The passage Rev. 3:7–11 forms part of the epistle to the bishop of the church in Philadelphia. Christ does not say to him through the mouth of John: “Because thou livest so piously,” but rather: “Because thou hast kept the word of my patience, I also will keep thee from the hour of temptation, which shall come upon all the world.” This adherence to pure doctrine was therefore his crown, which he was not to allow to be taken from him. Although it says earlier: “I know thy works,” these works here mean nothing other than faithful adherence to the word of truth, just as the bishop of Laodicea they mean nothing other than his lukewarmness and his apostasy from the good confession. And how the promise given to the church in Philadelphia has been fulfilled to this day is evidenced by the multitude of Christians still living in this city, while the Laodicean church has disappeared and its place has become a heap of ruins. If the above promise is also to be fulfilled for us and our children after us, then it is truly necessary that we also faithfully keep the word in these last times of temptation. Note also that in this epistle Christ does not call those who have fallen away “dear brothers,” who take a different and justified standpoint, but rather those who “lie.”

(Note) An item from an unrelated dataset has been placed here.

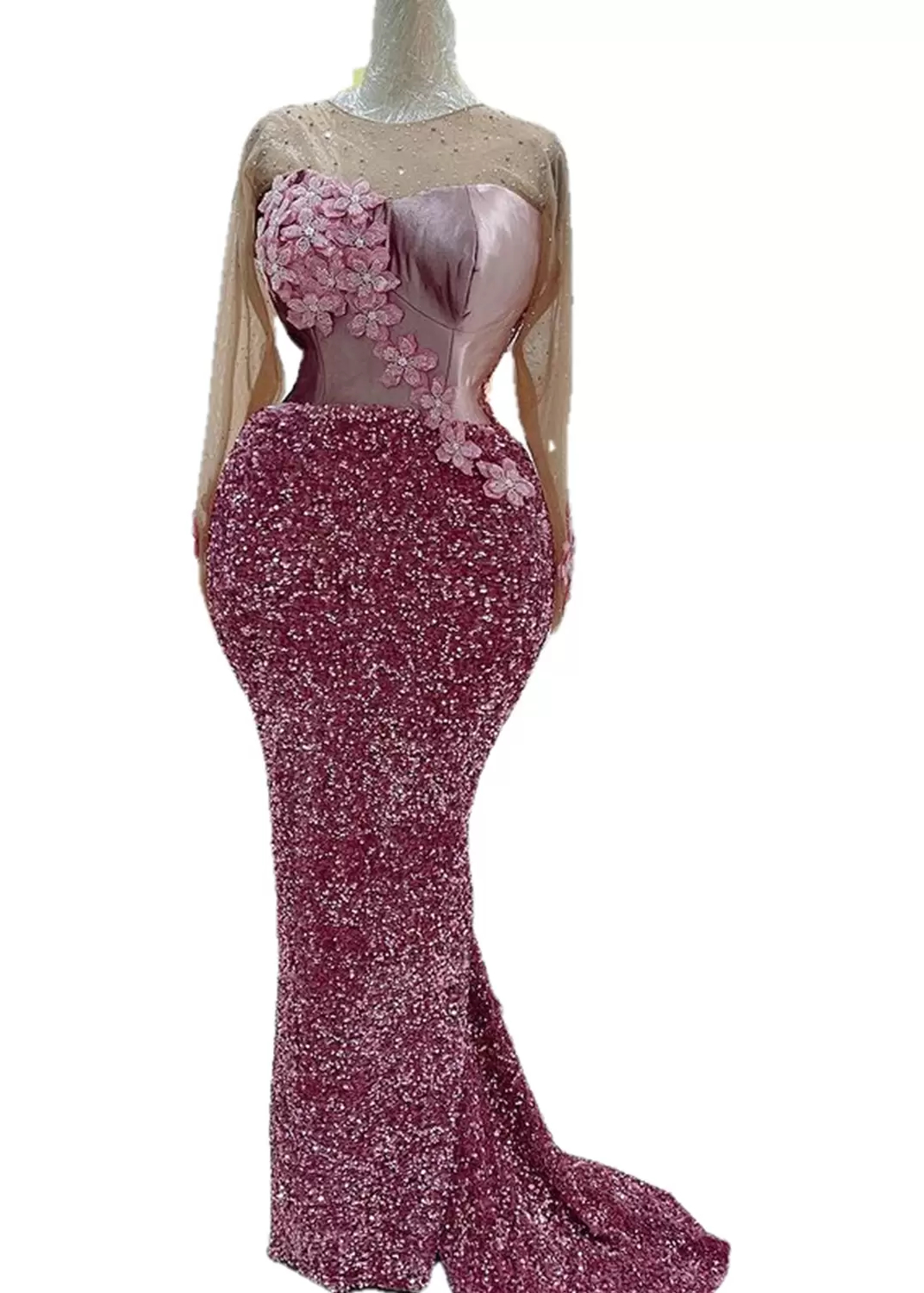 African Shiny Sequins Mermaid Evening Dresses Sheer Long Sleeves Appliqued Floral Lace Beaded Full Length Black Girls Prom Dress Special Occasion Wear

1 Cor. 1:10 reads: “Now I beseech you, brethren, by the name of our Lord Jesus Christ, that ye all speak the same thing, and that there be no divisions among you; but that ye be perfectly joined together in the same mind and in the same judgment.” Here the divine judgment on the spirit of this time is pronounced and the Holy Spirit breaks the rod over the Union. The Lord says to it, as it were: “You are not my church.” For the unchurched, as is well known, one speech, mind, and opinion is an abomination, which in their opinion brings about the division and fragmentation of the church and which they want to leave to us “Old Lutherans.” But do they not thereby bear witness to themselves that their much-vaunted unity in the Union is nothing but a whitewashed grave and a hypocritical comedy? For how can there in truth be any talk of the unity of the church, where its members are only glued together outwardly (as in the papacy) and where many different beliefs and doctrines are held within it? It is not we, but they, the unchurched, who are accused of splitting up the church, and one might well say that they have as many divisions as there are people. However, the Holy Spirit of God also condemns the leaders of the “Church Council” with the words “the same mind and judgment.” Although they want to have the same speech in the church, demand the acceptance of all confessional writings of the Evangelical Lutheran Church, demand the signatures to them, they do not want to argue and argue about the “same mind” and “same judgment” for long. And yet, in the eyes of the Holy Spirit, this is no less a hypocritical and despicable union maneuver. For how can the speech of the mouth or the writing of the hands bring unity where hearts are torn and divided by various minds and judgments? — The passage
Eph. 4:3–6 defeats the man-made work of union. For here it says: “. . . endeavouring to keep the unity” (not of the body, but) “of the Spirit in the bond of peace.” And what does this consist of? In one body and one Spirit (namely, in one spiritual body implanted in Christ), so that Christians have one Lord, one faith, one baptism, one God and Father. This is the true inner unity that should exist among Christians in the church. And where it exists in this way, diligence should be exercised to maintain it through love, and care should be taken that envy and pride among Christians do not destroy them. Thus we see how this passage, which the unionists so often and gladly cite as their motto and favorite saying, contains precisely their destructive judgment.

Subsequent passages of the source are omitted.